B.C. Minister of Energy and Mines Bill Bennett said Tuesday that he will make his recommendation on the Site C hydroelectric dam project to the provincial cabinet by Christmas.
Bennett answered the side question at a press conference that announced the $83 per MW-h that BC Hydro plans to charge the LNG industry for power, as well as announcing an agreement made with the LNG Canada project to use BC Hydro electricity and build energy infrastructure to support a proposed export facility in Kitimat.
Asked how Site C might figure into the BC Hydro decision, Bennett said that last year’s ten-year demand forecast was for 3,000 gigawatt-hours (GW-h) of electricity for the entire LNG industry.
He said LNG Canada, if it goes ahead with a final investment decision, will need 2,000 GW-h all by itself, implying that the industry’s power needs could end up being even higher than officially anticipated.
“We’ll be at a point later, sometime in the next 10 years, where our demand forecast is probably going to have to be adjusted,” he said.

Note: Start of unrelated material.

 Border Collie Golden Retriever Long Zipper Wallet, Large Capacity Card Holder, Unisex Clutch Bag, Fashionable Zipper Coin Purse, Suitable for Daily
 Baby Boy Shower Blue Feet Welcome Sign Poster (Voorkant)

Bennett did say that B.C. currently has a current surplus of power, making the need for Site C uncertain at this exact moment.
“If we do need new generation, I know we would certainly acquire that electricity through Site C for less than $83 [the rate Hydro will be charging the LNG industry]. It remains to be seen if we can acquire new electricity for less than $83 from other sources.”

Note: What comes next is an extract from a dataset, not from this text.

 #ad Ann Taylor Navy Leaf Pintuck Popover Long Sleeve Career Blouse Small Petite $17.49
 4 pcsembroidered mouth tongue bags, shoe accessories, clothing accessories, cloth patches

He added that as of now, he has been asked to make his recommendation on Site C to cabinet sometime before Christmas, though his “marching orders may change.”
On Monday the Chiefs and Councils of the Doig River and Blueberry River First Nations released a statement that they were united in their opposition to the proposed dam.

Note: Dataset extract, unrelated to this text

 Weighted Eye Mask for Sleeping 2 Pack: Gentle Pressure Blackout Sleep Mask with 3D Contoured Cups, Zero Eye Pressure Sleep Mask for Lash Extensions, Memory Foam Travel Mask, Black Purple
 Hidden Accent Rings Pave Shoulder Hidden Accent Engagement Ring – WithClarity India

“Our ancestors were the first signatories to Treaty 8 in this province, signing the Treaty with Canada in 1900 on the banks of the Peace River at Old Fort,” Doig River Chief Norman Davis said in the release. “That river is a central part of our history and we strongly oppose its destruction. The river valley contains many culturally important sites, including the burial site of one of our former chiefs, Chief Attachie.”